Andrew Bobola Saint Andrew Bobola Jesuit Martyr

From 1652 Bobola also worked as a country "missionary", in various locations of Lithuania: these included Polotsk, where he was probably stationed in 1655, and also Pinsk, (both now in Belarus). On 16 May 1657, during the Khmelnytsky Uprising, he was captured in the village of Janów (now Ivanava, Belarus) by the Cossacks of Bohdan Chmielnicki and, after being subjected to a variety of tortures, killed.

Andrew Bobola FileMosaics of St Andrew Bobola on Roman Catholic Parish

One description of Bobola's death written in 1865 states:

In the same year, the Cossacks surprised a holy Polish Jesuit, in the town of Pinsk, and conferred on him the palm of martyrdom, on the 16th of May, 1657. Father Andrew Bobola, ...had just offered up the holy sacrifice, when a horde of Cossacks attacked the town. On beholding the barbarians, Father Bobola fell upon his knees, raised his eyes and his hands toward heaven, and, having a presentiment that his hour had arrived, exclaimed, "Lord, thy will be done!" At that moment, the Cossacks rushed upon him, stripped him of his holy habit, tied him to a tree, placed a crown upon his head, ...after which they scourged him, tore out one of his eyes, burned his body with torches, and one of the ruffians traced, with his poignard, the form of a tonsure on the head of the venerable Father, and on his back the figure of a chasuble! To do this, the executioner had to strip off the skin of the holy martyr! But this was not yet all. The fingers of the apostle had received the priestly unction. The executioner tore from them the skin, and forced needles under his nails! And during this indescribable torture, the hero prayed for his tormentors; he preached, both by word and example, until the schismatics tore out his tongue and crushed his head. Father Andrew Bobola, whom the Church declared Blessed, the 30th of October, 1853, was sixty-five years of age.
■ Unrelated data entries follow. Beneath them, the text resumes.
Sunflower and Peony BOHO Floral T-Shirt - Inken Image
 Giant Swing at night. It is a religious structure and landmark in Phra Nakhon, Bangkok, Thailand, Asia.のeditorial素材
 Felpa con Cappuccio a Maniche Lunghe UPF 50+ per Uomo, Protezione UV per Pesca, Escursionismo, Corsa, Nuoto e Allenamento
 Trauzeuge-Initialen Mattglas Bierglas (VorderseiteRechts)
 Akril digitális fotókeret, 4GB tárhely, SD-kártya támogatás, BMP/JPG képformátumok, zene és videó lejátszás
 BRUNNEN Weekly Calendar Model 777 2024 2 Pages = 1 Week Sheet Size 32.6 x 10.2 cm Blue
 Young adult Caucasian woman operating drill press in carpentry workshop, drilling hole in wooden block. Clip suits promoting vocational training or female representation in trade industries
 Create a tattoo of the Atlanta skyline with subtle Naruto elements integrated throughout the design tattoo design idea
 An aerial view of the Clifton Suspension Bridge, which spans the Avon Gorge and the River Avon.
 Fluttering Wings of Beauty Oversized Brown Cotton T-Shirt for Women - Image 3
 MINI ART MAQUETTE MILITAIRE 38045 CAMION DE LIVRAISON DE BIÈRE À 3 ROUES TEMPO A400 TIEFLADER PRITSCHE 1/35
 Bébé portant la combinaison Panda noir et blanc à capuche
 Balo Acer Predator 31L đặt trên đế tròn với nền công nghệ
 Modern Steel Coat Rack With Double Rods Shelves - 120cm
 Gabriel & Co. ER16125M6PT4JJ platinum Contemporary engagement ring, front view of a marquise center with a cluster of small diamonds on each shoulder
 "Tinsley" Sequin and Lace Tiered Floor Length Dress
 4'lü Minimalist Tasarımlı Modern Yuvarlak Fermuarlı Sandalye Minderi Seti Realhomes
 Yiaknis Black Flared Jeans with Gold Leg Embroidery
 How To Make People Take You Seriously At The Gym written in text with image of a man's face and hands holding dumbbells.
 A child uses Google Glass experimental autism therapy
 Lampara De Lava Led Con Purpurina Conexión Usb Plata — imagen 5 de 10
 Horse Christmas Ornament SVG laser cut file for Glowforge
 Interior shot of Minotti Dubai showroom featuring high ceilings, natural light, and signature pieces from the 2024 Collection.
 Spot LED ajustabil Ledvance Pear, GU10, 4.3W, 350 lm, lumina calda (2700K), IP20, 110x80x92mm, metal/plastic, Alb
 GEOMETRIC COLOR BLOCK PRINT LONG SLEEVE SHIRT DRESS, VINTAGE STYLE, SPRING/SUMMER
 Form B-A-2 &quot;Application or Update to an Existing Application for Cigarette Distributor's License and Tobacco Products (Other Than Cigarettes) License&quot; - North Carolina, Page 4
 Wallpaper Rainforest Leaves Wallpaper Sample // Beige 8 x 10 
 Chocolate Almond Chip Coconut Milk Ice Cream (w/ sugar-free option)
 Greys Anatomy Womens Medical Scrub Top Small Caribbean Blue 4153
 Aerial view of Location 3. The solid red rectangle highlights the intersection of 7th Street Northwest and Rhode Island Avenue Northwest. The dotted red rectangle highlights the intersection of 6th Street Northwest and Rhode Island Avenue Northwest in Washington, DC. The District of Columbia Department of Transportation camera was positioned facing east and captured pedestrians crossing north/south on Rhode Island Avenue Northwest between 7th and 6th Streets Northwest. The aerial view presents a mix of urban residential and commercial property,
A second account states that when Bobola refused to renounce his religion, he was stripped, tied to a hedge and whipped. In mockery, the Cossacks placed a crown of twigs on his head and then dragged him to his place of execution, a butcher's shop.

Veneration

Bobola's body was originally buried in the Jesuit church in Pinsk. It was later moved to their church in Polotsk. By the beginning of the 18th century, however, nobody knew where Bobola's body was buried. In 1701 Father Martin Godebski, S.J., the Rector of the Pinsk College, reputedly had a vision of Bobola. This caused him to order a search for the body. It was reportedly found completely incorrupt, which was recognized by the Church and its supporters as proof of holiness. In 1719 the casket was officially reopened and the body inspected by qualified medical personnel (five physicians and pharmacists). It was reportedly still completely incorrupt: pliable and with soft flesh.

In 1922, the Bolsheviks moved the corpse, later described by an American journalist as a "remarkably well-preserved mummy", to the Museum of Hygiene of People's Commissioners of Health in Moscow. The whereabouts of the remains was not known to the Catholic authorities, and Pope Pius XI charged the Papal Famine Relief Mission in Russia, headed by American Jesuit Father Edmund A. Walsh, with the task of locating and "rescuing" them. In October 1923—as a kind of "pay" for help during famine—the remains were released to Walsh and his Assistant Director, Father Louis J. Gallagher, S.J. Well packed by the two Jesuits, they were delivered to the Holy See by Gallagher on All Saints' Day (1 November) 1923. In May 1924, the relics were installed in Rome's Church of the Gesù, the main church of the Society of Jesus.

Since 17 June 1938 the body has been venerated at a shrine in Warsaw, with an arm remaining at the original shrine in Rome.

Declared Blessed by Pope Pius IX on 30 October 1853, Bobola was canonized by Pope Pius XI on 17 April 1938. His feast day was originally celebrated by the Jesuits on 23 May, but it is now generally celebrated on 16 May. On his feast day in 2002, Pope John Paul II declared Bobola a patron saint of Poland and of the Roman Catholic Archdiocese of Warsaw.

Today some join Bobola with St. Peter the Aleut, an alleged martyr for the Eastern Orthodox Church at the hands of Catholics, in a special devotion for the reunion of the two branches of Christianity. However, the historicity of the martyrdom of Peter the Aleut is not clearly established.